## PROBLEM
Beginning with the line where "Unidad Sasao Photo" appears, restate each line word for word until the data ends. Pictures do not go in.

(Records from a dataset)
-- Opening Marker --

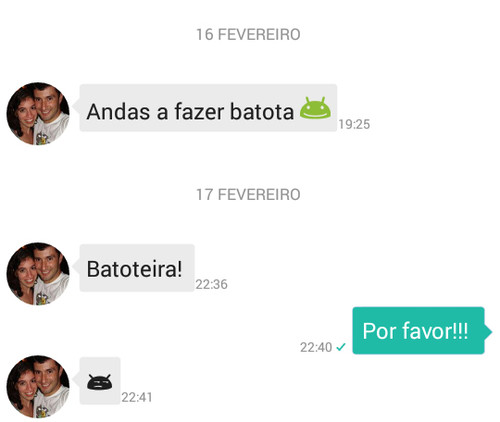 Screenshot_2015-02-18-13-33-01.jpg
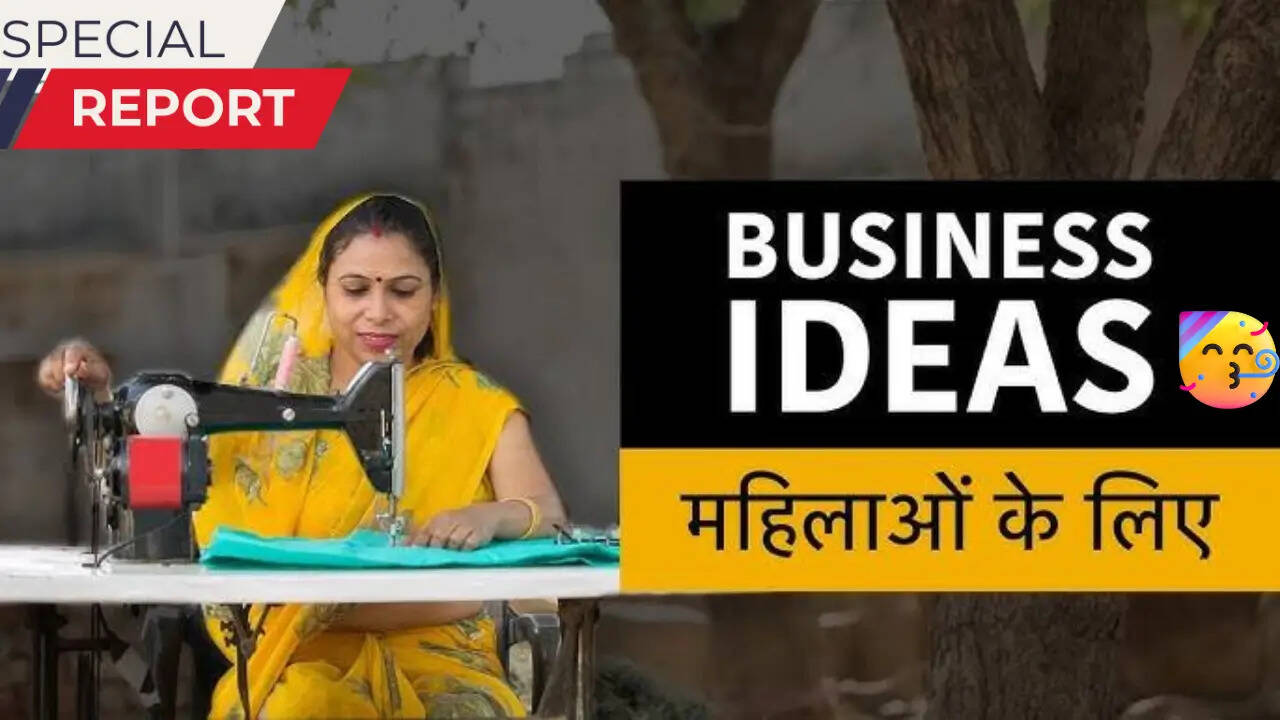 कम निवेश में शुरू करें मोबाइल एक्सेसरीज का बिजनेस, कमाएं ₹50,000 प्रति माह!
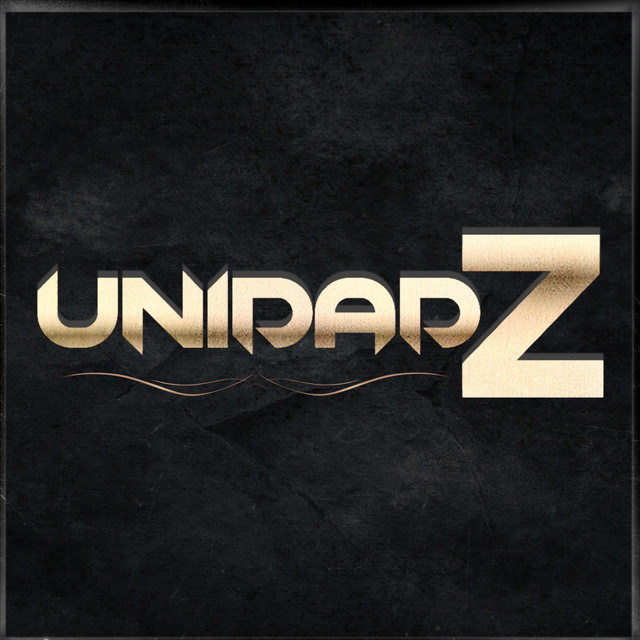 Unidad Sasao Photo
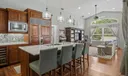 721 SW Lighthouse Drive Photo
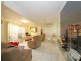 56 Amersham Street, Kippa-ring QLD 4021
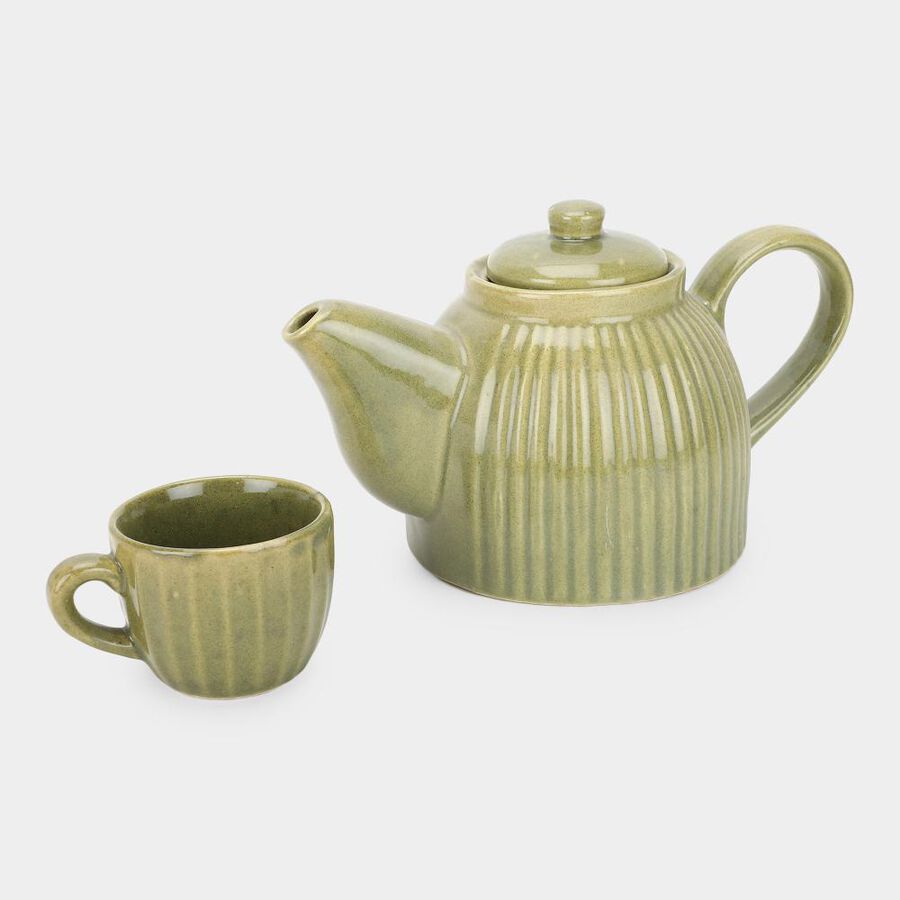 Home Finery Stoneware Gift Set | Vishal Mega Mart India
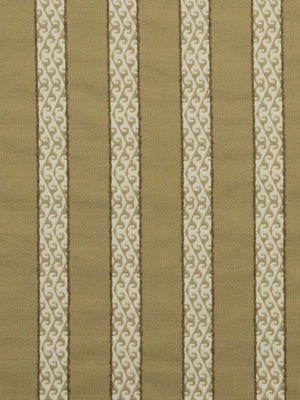 LAKELAND | STRAW - Upholstery - Fabric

-- Closing Marker --

## YOUR RESPONSE
 Unidad Sasao Photo
 721 SW Lighthouse Drive Photo
 56 Amersham Street, Kippa-ring QLD 4021
 Home Finery Stoneware Gift Set | Vishal Mega Mart India
 LAKELAND | STRAW - Upholstery - Fabric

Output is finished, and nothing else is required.